The appeal is allowed.

Introduction

[1] This is an appeal of the decision of the General Division (GD) of the Social Security Tribunal issued on January 15, 2016, which dismissed the Appellant’s application for a disability pension on the basis that she did not prove that her disability was severe, for the purposes of the Canada Pension Plan (CPP), during her minimum qualifying period (MQP), which ended December 31, 2004. Leave to appeal was granted on September 2, 2016, on the grounds that the GD may have erred in rendering its decision.

Overview

[2] The Appellant submitted an application for CPP disability benefits on April 29, 2013. She indicated that she was 49 years old, holds two bachelor’s degrees and has completed many training courses in subjects such as PC software, financial planning, securities and life insurance. She has held a variety of jobs, most notably as a correctional officer for young offenders during the 1990s. She was most recently employed as a casual research assistant with the Centre for Addiction and Mental Health in 2011 and as a part-time retail sales associate from 2010 to 2014. Dr. Lunney, her psychotherapist, claimed that post-traumatic stress disorder, depression and anxiety had rendered her disabled from work as of 1997.

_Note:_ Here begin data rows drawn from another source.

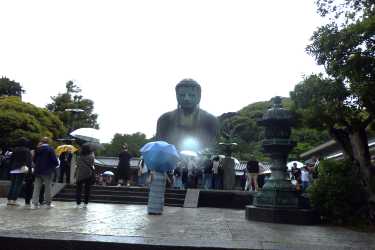 「外出企画」※日帰り旅行｜介護付き有料老人ホーム　申孝園ロータスヴィラ（シンコウエンロータスヴィラ）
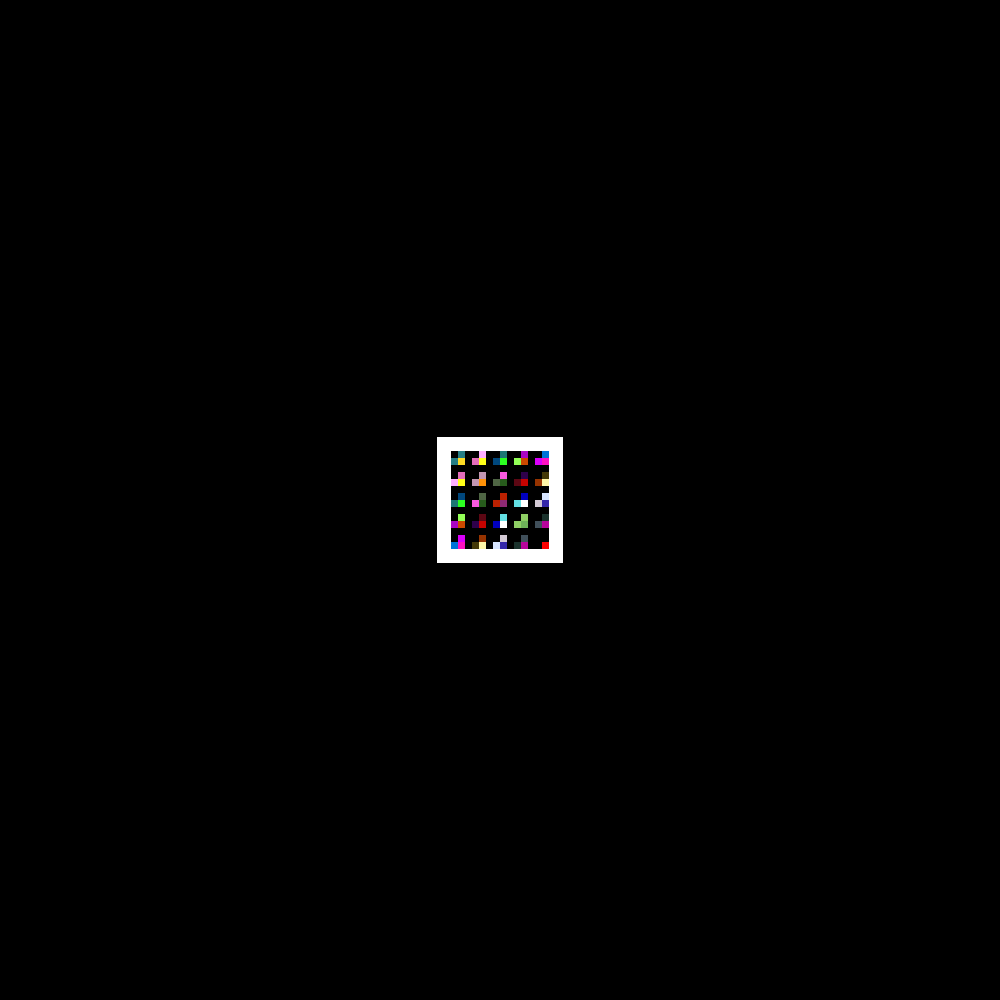 ˢ ᵐ ᵃ ˡ #219 static NFT preview
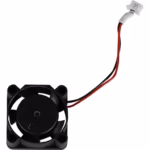 Ender 3 V3 Hotend Cooling Fan_Main Image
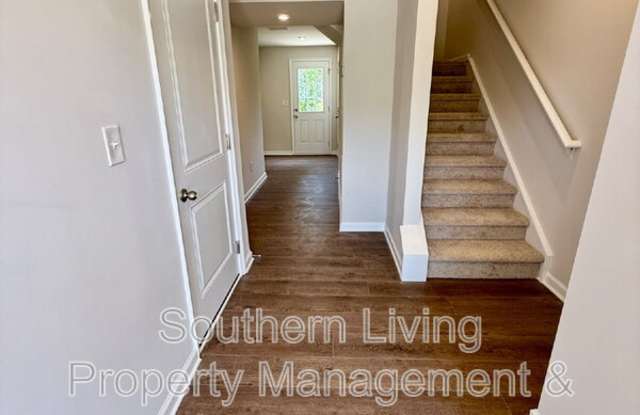 7226 Capstan Terrace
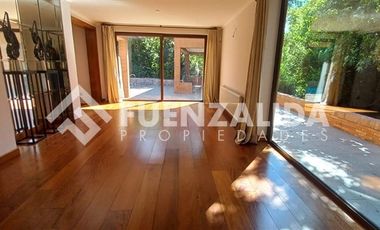 Casa en Arriendo en Gran Vía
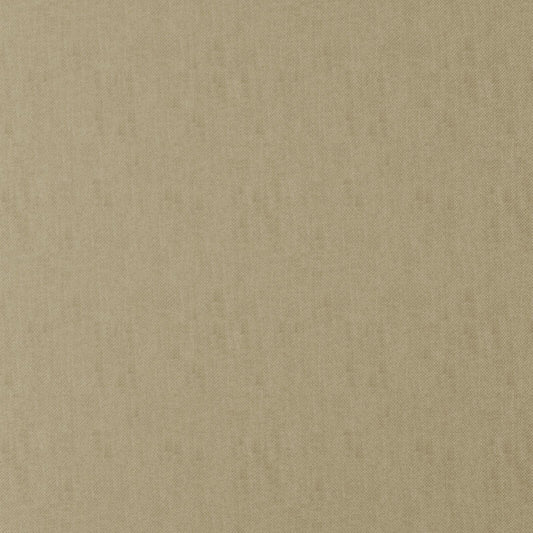 FO7715 Maxwell MICRO FIBERS # 715 CAFFE CURLEDUPVII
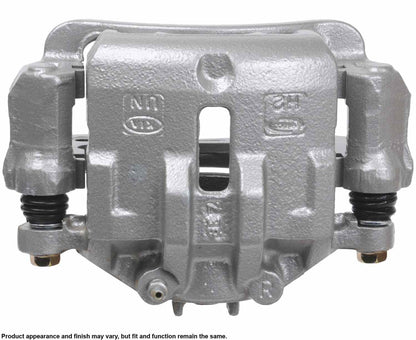 Cardone Ultra Disc Brake Caliper 19-P3555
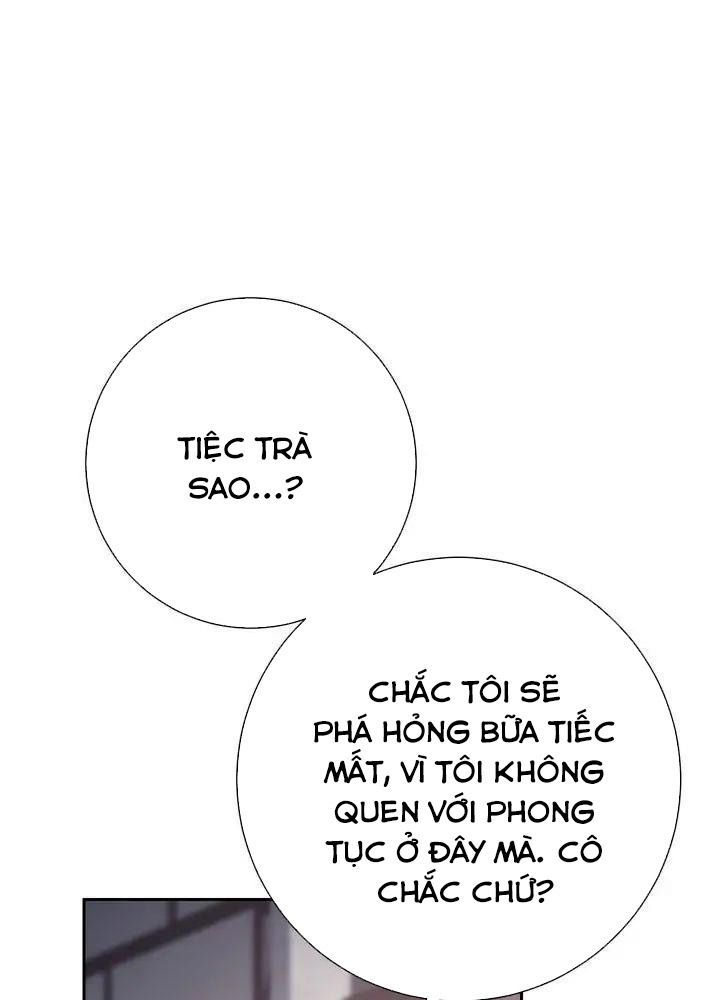 Chiến Binh Xương Trắng Thất Thủ Chapter 116 - Trang 2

[3] The Respondent denied her application at the initial and reconsideration levels on the grounds that her disability was not severe and prolonged as of the MQP date. On June 19, 2014, the Appellant appealed these denials to the GD.

[4] On October 2, 2015, the GD sent the Appellant a series of written questions related to her recent work history, her medical conditions and the treatments she was receiving for them. The Appellant provided detailed responses by way of a letter dated November 6, 2015.

[5] In its decision, the GD dismissed the Appellant’s appeal, finding that she had not provided sufficient evidence that she suffered from a severe disability as of the MQP date. The GD noted that the only available documents dated prior to December 31, 2004 were Dr. Lunney’s clinical notes, which did not indicate any significant PTSD episodes or symptoms of depression and anxiety. The notes also showed that the Appellant was searching for jobs, networking, writing and attending training courses. Post-MQP reports suggested therapy was effective in managing her symptoms of complex PTSD. As the Appellant was 40 years old at the time of MQP, with a good education and fluency in English, the GD found that, on a balance of probabilities, she was capable of some form of work.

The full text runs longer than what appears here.